_WORK INSTRUCTION_:
The entries below are to be written out exactly, with no images included.

+++ EXERCISE DATA

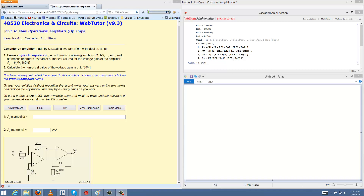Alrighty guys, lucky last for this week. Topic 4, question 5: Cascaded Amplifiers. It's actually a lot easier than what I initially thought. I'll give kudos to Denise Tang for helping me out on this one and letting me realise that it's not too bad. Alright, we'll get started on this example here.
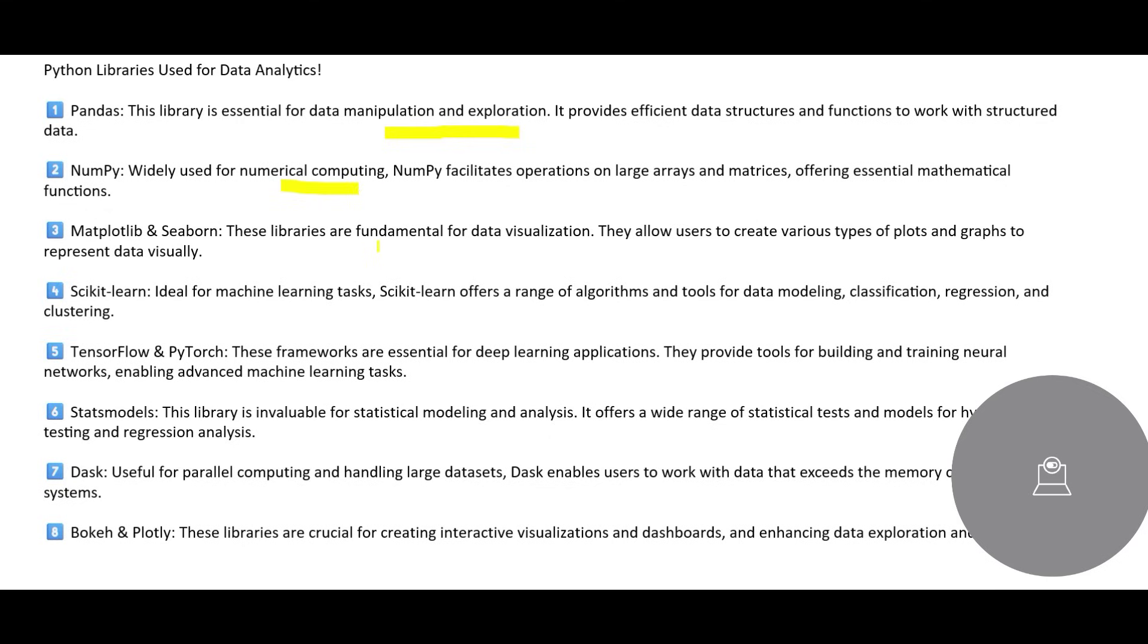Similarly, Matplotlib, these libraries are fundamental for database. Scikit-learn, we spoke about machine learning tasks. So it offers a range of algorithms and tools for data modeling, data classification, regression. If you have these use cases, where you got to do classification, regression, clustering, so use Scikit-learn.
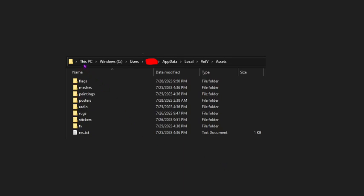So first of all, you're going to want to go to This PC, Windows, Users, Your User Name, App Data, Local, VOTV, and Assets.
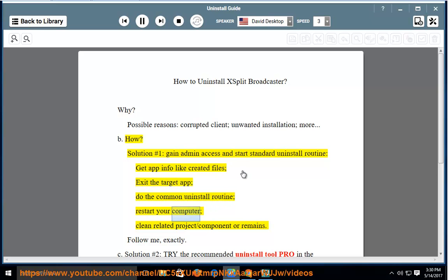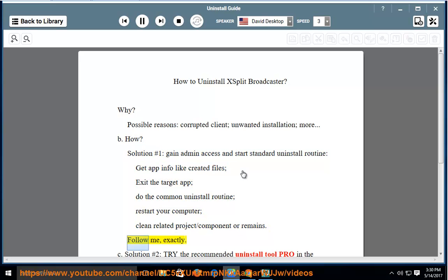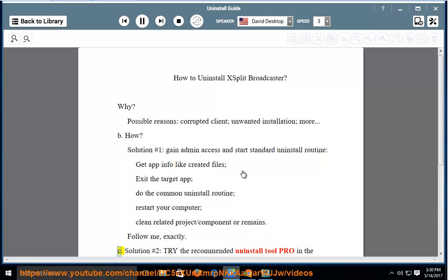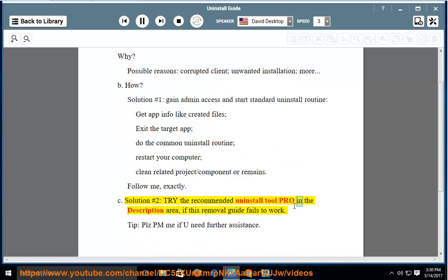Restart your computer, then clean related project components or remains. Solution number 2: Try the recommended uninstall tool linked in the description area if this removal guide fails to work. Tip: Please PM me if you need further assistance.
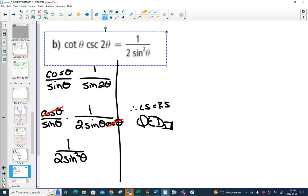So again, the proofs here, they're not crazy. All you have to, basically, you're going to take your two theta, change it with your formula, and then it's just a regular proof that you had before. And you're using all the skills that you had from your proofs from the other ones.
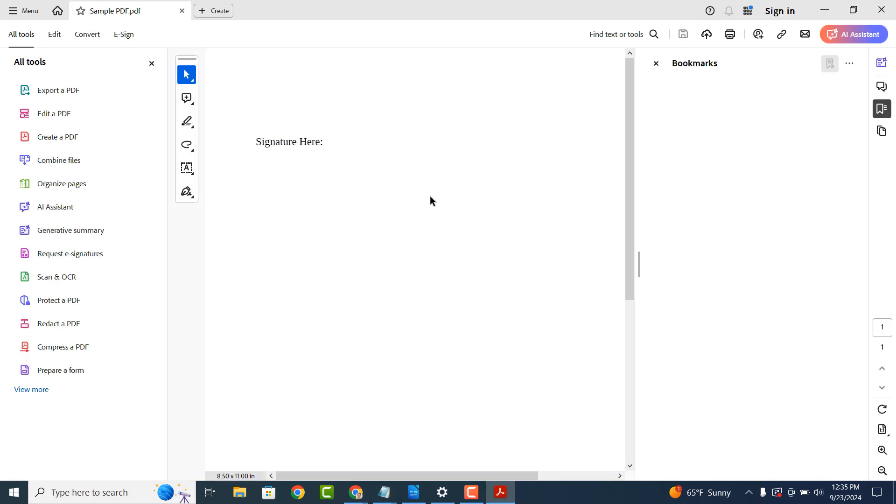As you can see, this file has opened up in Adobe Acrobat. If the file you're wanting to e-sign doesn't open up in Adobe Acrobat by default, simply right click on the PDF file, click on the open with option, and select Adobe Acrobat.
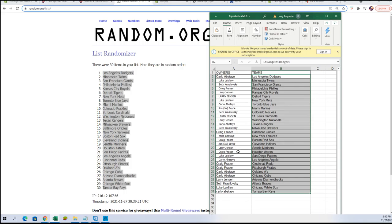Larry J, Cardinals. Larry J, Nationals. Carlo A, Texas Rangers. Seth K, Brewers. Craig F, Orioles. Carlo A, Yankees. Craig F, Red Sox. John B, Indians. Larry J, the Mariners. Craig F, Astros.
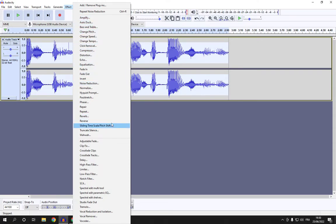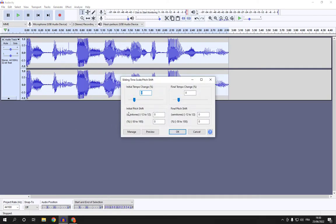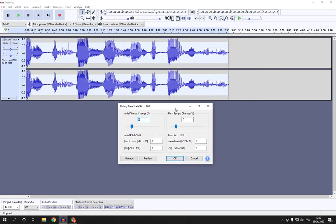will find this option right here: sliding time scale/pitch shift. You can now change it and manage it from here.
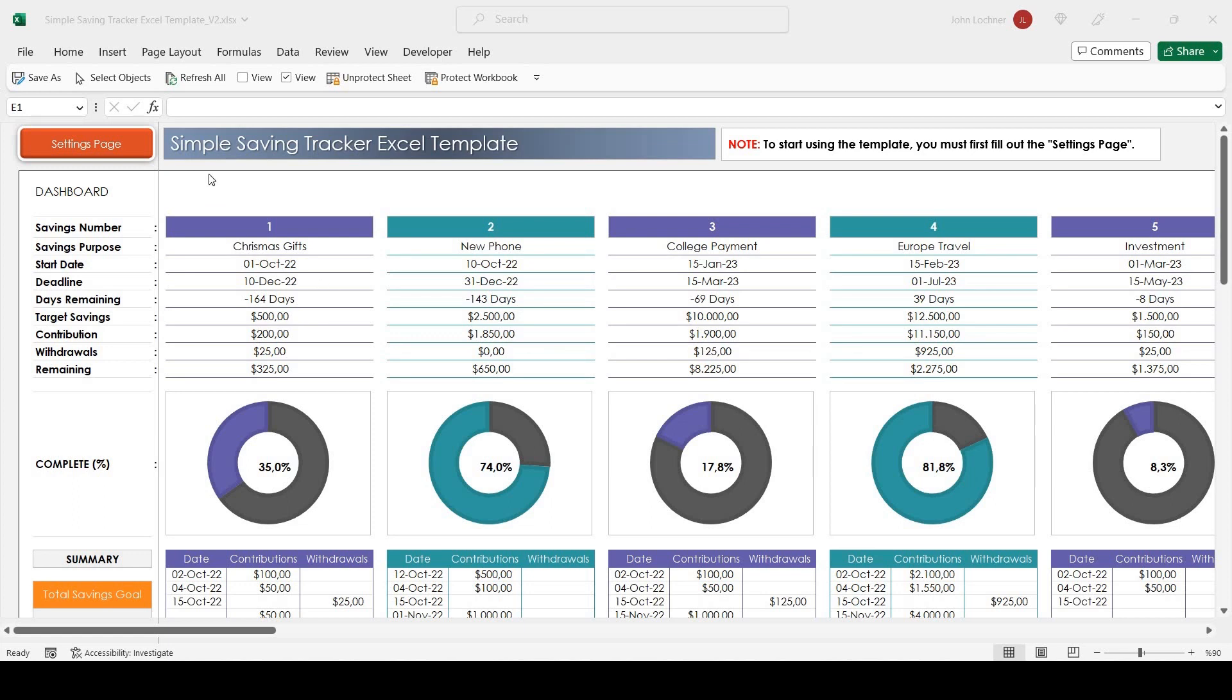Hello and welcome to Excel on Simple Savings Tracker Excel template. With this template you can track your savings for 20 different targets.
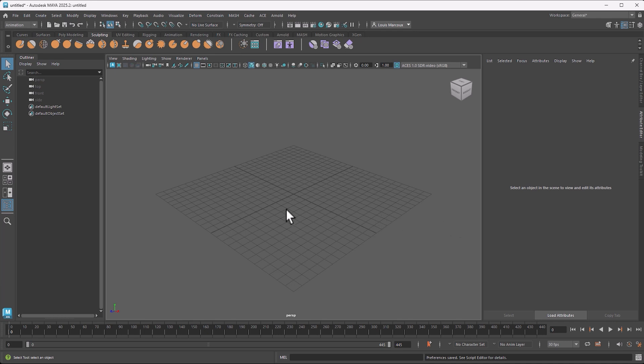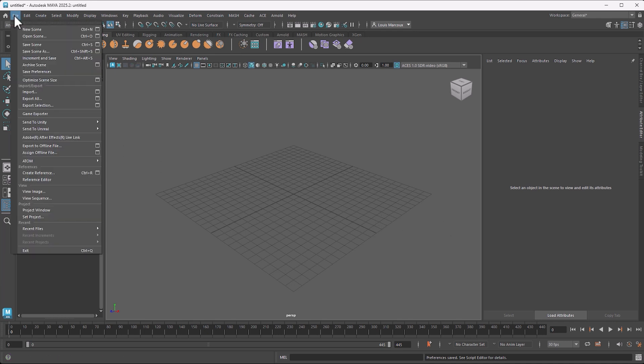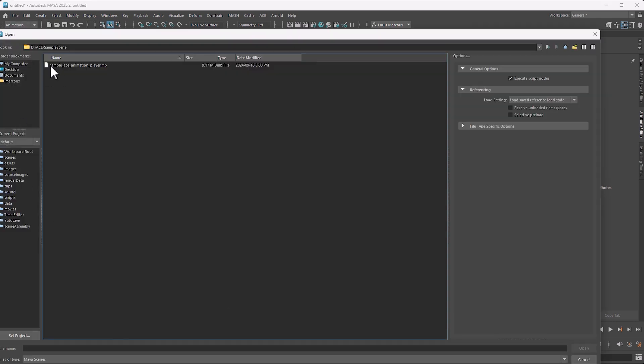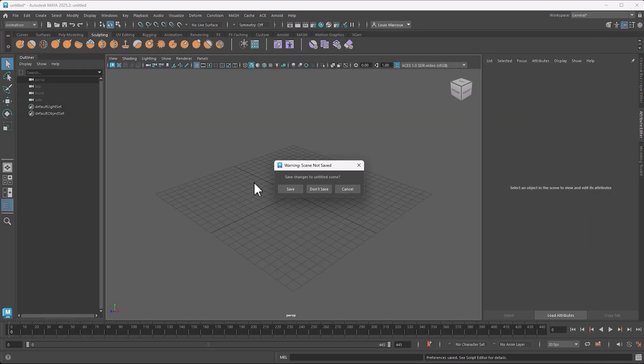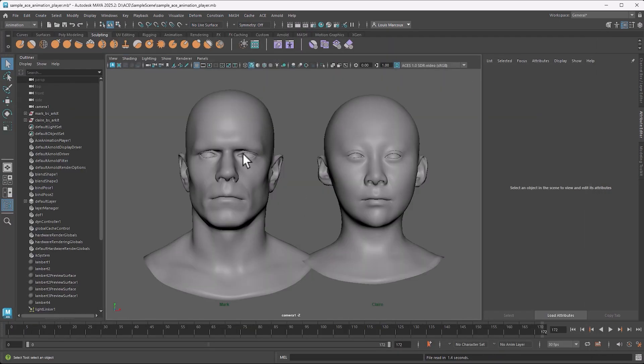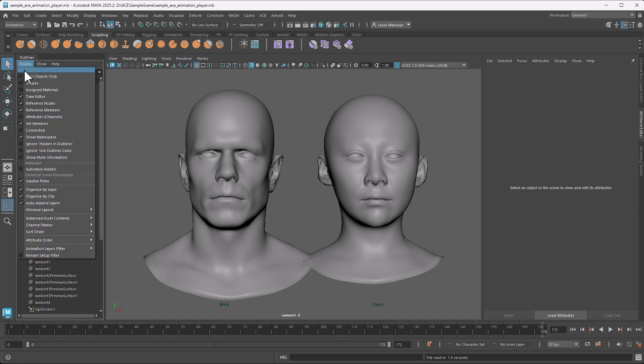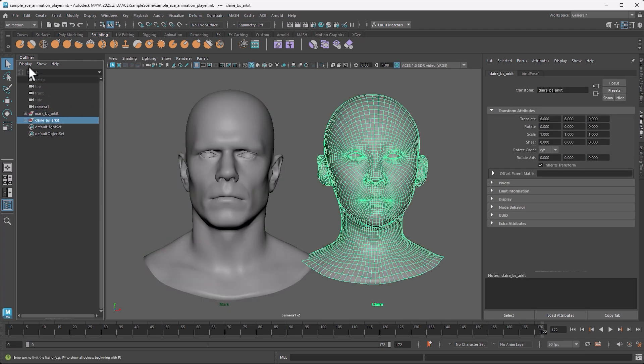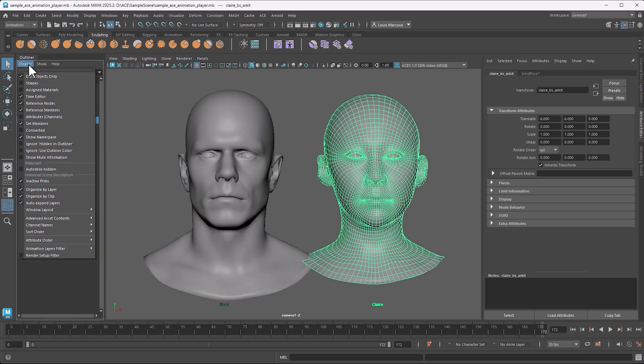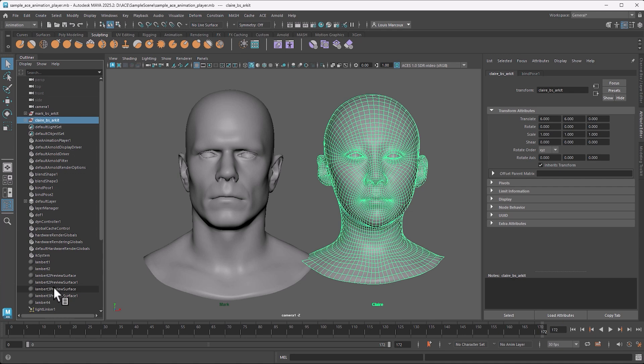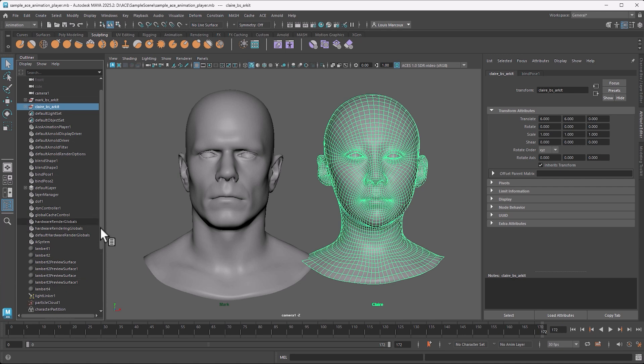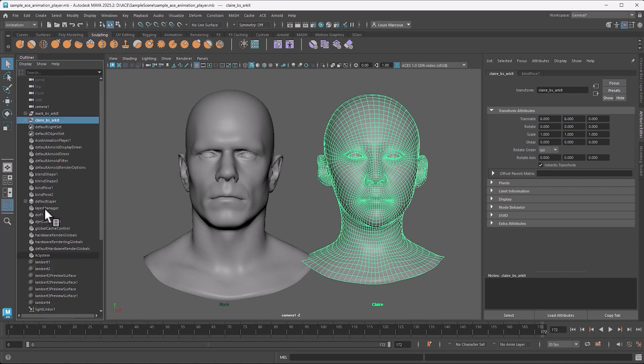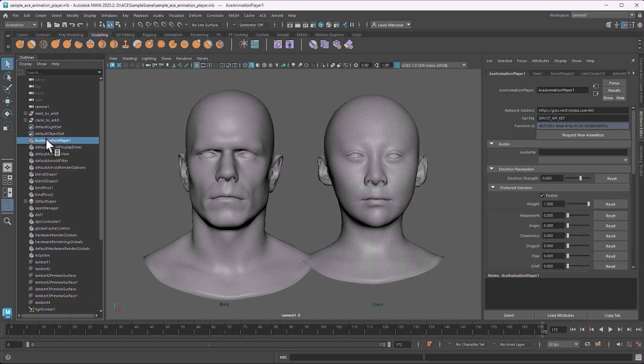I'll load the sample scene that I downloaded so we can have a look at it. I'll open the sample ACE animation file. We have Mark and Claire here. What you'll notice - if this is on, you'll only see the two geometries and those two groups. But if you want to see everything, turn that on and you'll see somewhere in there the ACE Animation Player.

++++++

_SOLUTION TO THIS PROBLEM_:
Alrighty guys, lucky last for this week. Topic 4, question 5: Cascaded Amplifiers. It's actually a lot easier than what I initially thought. I'll give kudos to Denise Tang for helping me out on this one and letting me realise that it's not too bad. Alright, we'll get started on this example here.
Similarly, Matplotlib, these libraries are fundamental for database. Scikit-learn, we spoke about machine learning tasks. So it offers a range of algorithms and tools for data modeling, data classification, regression. If you have these use cases, where you got to do classification, regression, clustering, so use Scikit-learn.
So first of all, you're going to want to go to This PC, Windows, Users, Your User Name, App Data, Local, VOTV, and Assets.
Restart your computer, then clean related project components or remains. Solution number 2: Try the recommended uninstall tool linked in the description area if this removal guide fails to work. Tip: Please PM me if you need further assistance.
So again, the proofs here, they're not crazy. All you have to, basically, you're going to take your two theta, change it with your formula, and then it's just a regular proof that you had before. And you're using all the skills that you had from your proofs from the other ones.
As you can see, this file has opened up in Adobe Acrobat. If the file you're wanting to e-sign doesn't open up in Adobe Acrobat by default, simply right click on the PDF file, click on the open with option, and select Adobe Acrobat.
Larry J, Cardinals. Larry J, Nationals. Carlo A, Texas Rangers. Seth K, Brewers. Craig F, Orioles. Carlo A, Yankees. Craig F, Red Sox. John B, Indians. Larry J, the Mariners. Craig F, Astros.
will find this option right here: sliding time scale/pitch shift. You can now change it and manage it from here.
Hello and welcome to Excel on Simple Savings Tracker Excel template. With this template you can track your savings for 20 different targets.
I'll load the sample scene that I downloaded so we can have a look at it. I'll open the sample ACE animation file. We have Mark and Claire here. What you'll notice - if this is on, you'll only see the two geometries and those two groups. But if you want to see everything, turn that on and you'll see somewhere in there the ACE Animation Player.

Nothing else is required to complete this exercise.